INFORMATION SHOWN
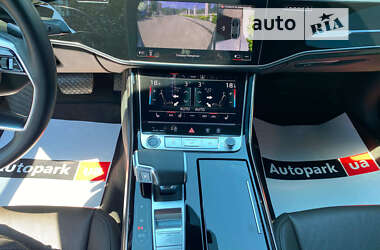 Седан Audi A8 2021 в Вінниці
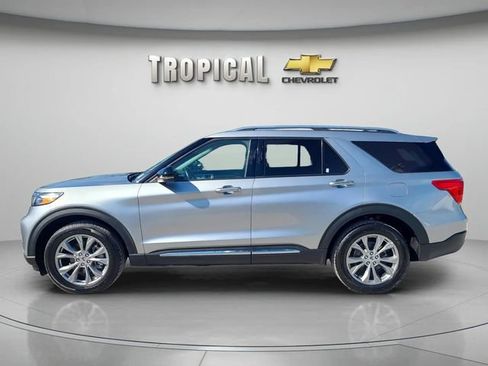 Used 2023 Ford Explorer Limited w/ Equipment Group 301A AWD/4WD image 2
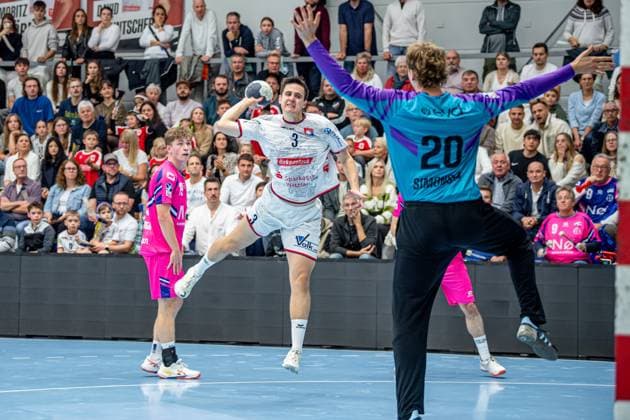 2. Handball Bundesliga; TV Hüttenberg - TSV Bayer Dormagen, 11.10.25 Philipp Schwarz (TV Hüttenberg, 3), Christian Simonsen (TSV Bayer Dormagen, 20), 2. Handball Bundesliga; TV Hüttenberg - TSV Bayer Dormagen: Hüttenberg, 11.10.25 Copyright: xBEAUTIFULxSPORTS Roeczeyx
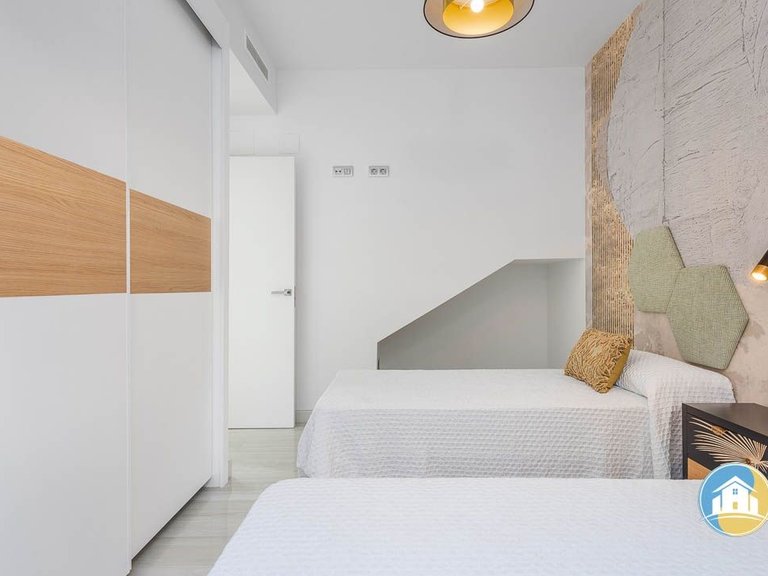 Villa for Sale in Los Montesinos 30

WHAT IS NEEDED
Return every line shown above without changing a word, and skip the pictures.

SOLUTION TO THE EXERCISE
 Седан Audi A8 2021 в Вінниці
 Used 2023 Ford Explorer Limited w/ Equipment Group 301A AWD/4WD image 2
 2. Handball Bundesliga; TV Hüttenberg - TSV Bayer Dormagen, 11.10.25 Philipp Schwarz (TV Hüttenberg, 3), Christian Simonsen (TSV Bayer Dormagen, 20), 2. Handball Bundesliga; TV Hüttenberg - TSV Bayer Dormagen: Hüttenberg, 11.10.25 Copyright: xBEAUTIFULxSPORTS Roeczeyx
 Villa for Sale in Los Montesinos 30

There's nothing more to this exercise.